The legislation represents a new chapter in offshore wind for Massachusetts. The infamous Cape Wind project—a proposed 468 MW wind farm—has been held up in the planning stages for years and its current status is uncertain. The new law is a definite step towards Massachusetts’ development of offshore wind energy generation resources. Several wind development companies already hold leases in Massachusetts waters.
In the United States, federal agencies that license, permit or finance energy and infrastructure projects must, with some limited exceptions, analyze the environmental impacts of those projects before they approve them, pursuant to the National Environmental Policy Act of 1969 (NEPA). But to what extent must those agencies consider climate change impacts as part of their NEPA reviews? The President’s Council on Environmental Quality (CEQ) has just issued a guidance document that addresses that question.
CEQ’s guidance document—an August 1 memorandum addressed to the heads of all federal departments and agencies—urges federal agencies to consider two climate change-related topics when conducting NEPA reviews.
The first topic is the impact of a proposed project on climate change, and the memorandum urges federal agencies to approach that topic by focusing on the project’s direct, and indirect, greenhouse gas (GHG) emissions. Agencies are encouraged to calculate a project’s anticipated emissions using existing government resources and calculators, and to draw upon existing government literature on the impacts of such emissions. The memorandum acknowledges that “the totality of climate change impacts is not attributable to any single action,” but concludes that climate-related impacts are exacerbated by some government actions and encourages agencies to compare the level of emissions expected from a proposed project to the level expected under alternative project scenarios. The memorandum provides scant details on how to calculate “indirect” GHG emissions but does suggest that for projects involving fossil fuel extraction, the indirect impacts turn, at least in part, on the anticipated ultimate use of the extracted fuel.

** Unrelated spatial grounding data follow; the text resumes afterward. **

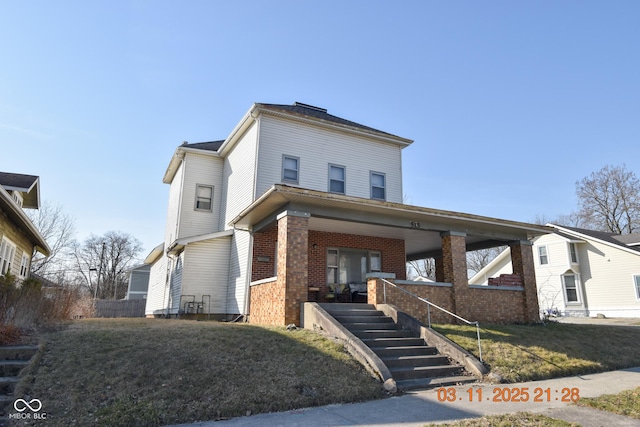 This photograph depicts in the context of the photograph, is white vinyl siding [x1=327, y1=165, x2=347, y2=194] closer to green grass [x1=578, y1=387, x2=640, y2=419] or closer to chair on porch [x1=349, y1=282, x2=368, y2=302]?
chair on porch [x1=349, y1=282, x2=368, y2=302]

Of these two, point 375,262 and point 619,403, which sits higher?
point 375,262

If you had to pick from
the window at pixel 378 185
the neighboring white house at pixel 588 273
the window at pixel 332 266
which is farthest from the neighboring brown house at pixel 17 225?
the neighboring white house at pixel 588 273

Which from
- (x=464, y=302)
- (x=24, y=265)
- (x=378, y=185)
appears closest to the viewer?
(x=464, y=302)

The second topic is the impact of climate change on the project, and on the project’s impacts.Here, CEQ’s memorandum encourages federal agencies to consider a proposed project’s impacts not simply on environmental conditions as they currently exist but as they will exist in the future and reflecting any changes that are expected as a result of climate change. Thus, if a project will draw water from a river that is already being, or that will be, diminished because of changing snowfall or rainfall patterns, that is an impact that should be acknowledged. The memorandum also encourages agencies to incorporate climate change resiliency and adaptation planning into their NEPA reviews, especially when analyzing project alternatives and potential mitigation measures. The memorandum suggests, for example, that agencies consider whether a proposed project’s design makes it more vulnerable to changing climate conditions (such as, in some areas of the country, increased risk of wildfires) than alternative projects.
CEQ’s memorandum applies to all new NEPA reviews and states that agencies “should exercise judgment” when considering whether to apply the guidance to currently ongoing reviews. CEQ states in the memorandum that it “does not expect agencies to apply” the guidance to projects for which a final environmental impact statement or environmental assessment has already been issued.